General Conclusions:

  • Los Angeles County’s census‐tract fundamentals can explain much of the variation in median home values: a three-layer neural network trained on fewer than 50 engineered features delivers MAE ≈ $127 K, RMSE ≈ $188 K and R² ≈ 0.74—accurate to within ±20 % for roughly three-quarters of tracts and within ±10 % for almost half of them .

Key Takeaways:

  • Primary Language, Predominant Rental Rate and % Below the Poverty Rate are the most important features. Ratios such as College-Degree Share and Population-per-Housing Unit were strong features, but not as important as the other features.

  • Model choice matters, but not dramatically. Tree ensembles (Random Forest, Gradient Boosting) trail the neural net by only ~3 % in MAE, while linear and ridge regressions give up ~10 – 20 % of accuracy—still respectable baselines for rapid prototyping.

  • Error isn’t uniform. Residual diagnostics reveal heavier tails than a normal curve and a slight tendency to under-price the most expensive neighborhoods, signalling heteroscedastic risk that should be acknowledged in any underwriting deck.

Implications for CRE:

  • Sharper underwriting - Instant, model-backed price checks flag mis-priced listings early, so you spend diligence dollars only where the spread is real.

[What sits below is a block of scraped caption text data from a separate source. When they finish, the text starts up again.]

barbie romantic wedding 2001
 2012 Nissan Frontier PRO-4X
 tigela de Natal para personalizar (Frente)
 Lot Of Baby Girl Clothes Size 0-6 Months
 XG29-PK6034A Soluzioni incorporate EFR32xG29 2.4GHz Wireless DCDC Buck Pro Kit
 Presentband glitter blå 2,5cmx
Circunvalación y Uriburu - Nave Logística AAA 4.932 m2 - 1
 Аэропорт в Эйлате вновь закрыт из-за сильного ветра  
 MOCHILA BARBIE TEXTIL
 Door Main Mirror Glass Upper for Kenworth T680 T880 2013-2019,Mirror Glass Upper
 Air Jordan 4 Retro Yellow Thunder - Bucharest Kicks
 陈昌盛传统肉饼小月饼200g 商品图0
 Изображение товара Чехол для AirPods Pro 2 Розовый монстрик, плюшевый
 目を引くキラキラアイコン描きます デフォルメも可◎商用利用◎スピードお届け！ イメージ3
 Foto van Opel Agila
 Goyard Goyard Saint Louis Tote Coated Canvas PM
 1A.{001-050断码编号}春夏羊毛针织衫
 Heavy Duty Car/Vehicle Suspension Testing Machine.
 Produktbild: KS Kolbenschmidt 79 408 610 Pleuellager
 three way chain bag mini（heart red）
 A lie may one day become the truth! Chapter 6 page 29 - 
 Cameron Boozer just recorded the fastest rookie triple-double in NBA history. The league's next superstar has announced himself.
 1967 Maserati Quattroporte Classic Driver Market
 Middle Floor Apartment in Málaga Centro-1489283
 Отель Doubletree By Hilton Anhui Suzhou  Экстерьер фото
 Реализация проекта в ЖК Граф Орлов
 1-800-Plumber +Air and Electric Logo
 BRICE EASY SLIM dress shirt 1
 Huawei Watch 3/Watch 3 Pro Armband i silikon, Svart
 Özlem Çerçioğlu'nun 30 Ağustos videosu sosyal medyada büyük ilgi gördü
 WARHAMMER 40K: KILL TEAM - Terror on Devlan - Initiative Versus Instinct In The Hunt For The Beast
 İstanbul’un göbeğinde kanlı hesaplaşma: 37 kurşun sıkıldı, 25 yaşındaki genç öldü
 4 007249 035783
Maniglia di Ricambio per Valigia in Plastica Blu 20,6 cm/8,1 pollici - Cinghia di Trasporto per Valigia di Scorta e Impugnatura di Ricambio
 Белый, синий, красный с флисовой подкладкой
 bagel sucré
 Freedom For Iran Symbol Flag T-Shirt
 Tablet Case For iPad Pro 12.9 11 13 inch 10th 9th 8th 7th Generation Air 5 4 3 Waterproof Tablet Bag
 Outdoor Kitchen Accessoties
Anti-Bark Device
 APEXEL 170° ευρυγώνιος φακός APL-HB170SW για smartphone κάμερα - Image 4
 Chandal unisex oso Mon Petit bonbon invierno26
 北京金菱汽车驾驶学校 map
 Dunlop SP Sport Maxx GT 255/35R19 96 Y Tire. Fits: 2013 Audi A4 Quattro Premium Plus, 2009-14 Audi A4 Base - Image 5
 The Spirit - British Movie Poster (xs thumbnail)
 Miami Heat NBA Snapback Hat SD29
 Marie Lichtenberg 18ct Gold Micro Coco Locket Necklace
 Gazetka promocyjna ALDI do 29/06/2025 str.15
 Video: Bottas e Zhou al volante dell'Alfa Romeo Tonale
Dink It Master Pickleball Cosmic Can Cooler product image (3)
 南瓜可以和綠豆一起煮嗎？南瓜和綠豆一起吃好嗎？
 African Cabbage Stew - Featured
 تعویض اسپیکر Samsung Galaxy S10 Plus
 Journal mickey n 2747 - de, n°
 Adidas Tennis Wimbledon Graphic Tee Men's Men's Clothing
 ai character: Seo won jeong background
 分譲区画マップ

  • Tighter pro formas - Smaller valuation bands translate to more confident equity sizing, cleaner DSCR cushions, and clearer exit sensitivities.

  • Data-driven market selection - Feature importances highlight sub-markets where fundamentals—not just momentum—support outsized, risk-adjusted returns.

Next Steps:

  • While this analysis was for Single-Family Residences, it could be extended to other property types - including multi-family, commerical, and industrial.